Question

use abslon-delta to show that f(x)=x^2 AT x dote =2

Answer 1

Abslon!

Answer 2

what is \(x\) approaching?

Answer 3

yes abslon

Answer 4

epsilon :)

Answer 5

what is dote?

Answer 6

xo

Answer 7

what is xo ?

Answer 8

\[\lim_{x\rightarrow?}x^2\]

Answer 9

its continuous property

Answer 10

when we use epsilon - delta and say x^2-2 <EPSLION

Answer 11

Does x approach \(2\)? Does x approach \(\sqrt 2\)?

Answer 12

the first on x approach 2

Answer 13

f(x)=x^2 at x0 =2

Answer 14

Well as \(x\to 2\) then \(x^2\to 4\). Right?

Answer 15

\[
|x-2|<\delta \implies |x^2-4|<\epsilon
\]

Answer 16

\[
|x-2|<\delta \implies |x-2||x+2|<\epsilon
\]

Answer 17

I have to say first and prove /x^2-2/epsilon

Answer 18

< epsilon

Answer 19

Okay sorry, but you obviously are confused..

Answer 20

\[
\lim_{x\to a}f(x)=L
\]You need to decide what \(a\) and \(L\) are.
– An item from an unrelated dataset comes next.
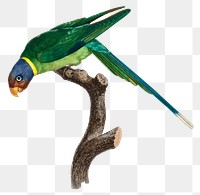 Plum headed parakeet png bird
Let me assure you they both can't be \(2\) because \(2^2\neq 2\)

Answer 21

yes sorry I know because its hard to write the symbol

Answer 22

yes I think I have to prove that f(x) is continues if f(x)=x^2 at x0= 2

Answer 23

to denote \(x_0\) write x_0

Answer 24

ok do you need to prove something is continuous or do you need to prove the limit?

Answer 25

okay sorry about yhat

Answer 26

no need to be sorry:)

Answer 27

I need to prove it continues

Answer 28

so you need to prove x^2 is continuous at x = 2?

Answer 29

RIGHT

Answer 30

So show \(f(2) = L\) and then show \(\lim_{x\to 2}f(x) = L\)

Answer 31

No abslons needed.

Answer 32

no in the question say use epsilon - delta

Answer 33

Okay so first let's find out \(L\). Can you do that?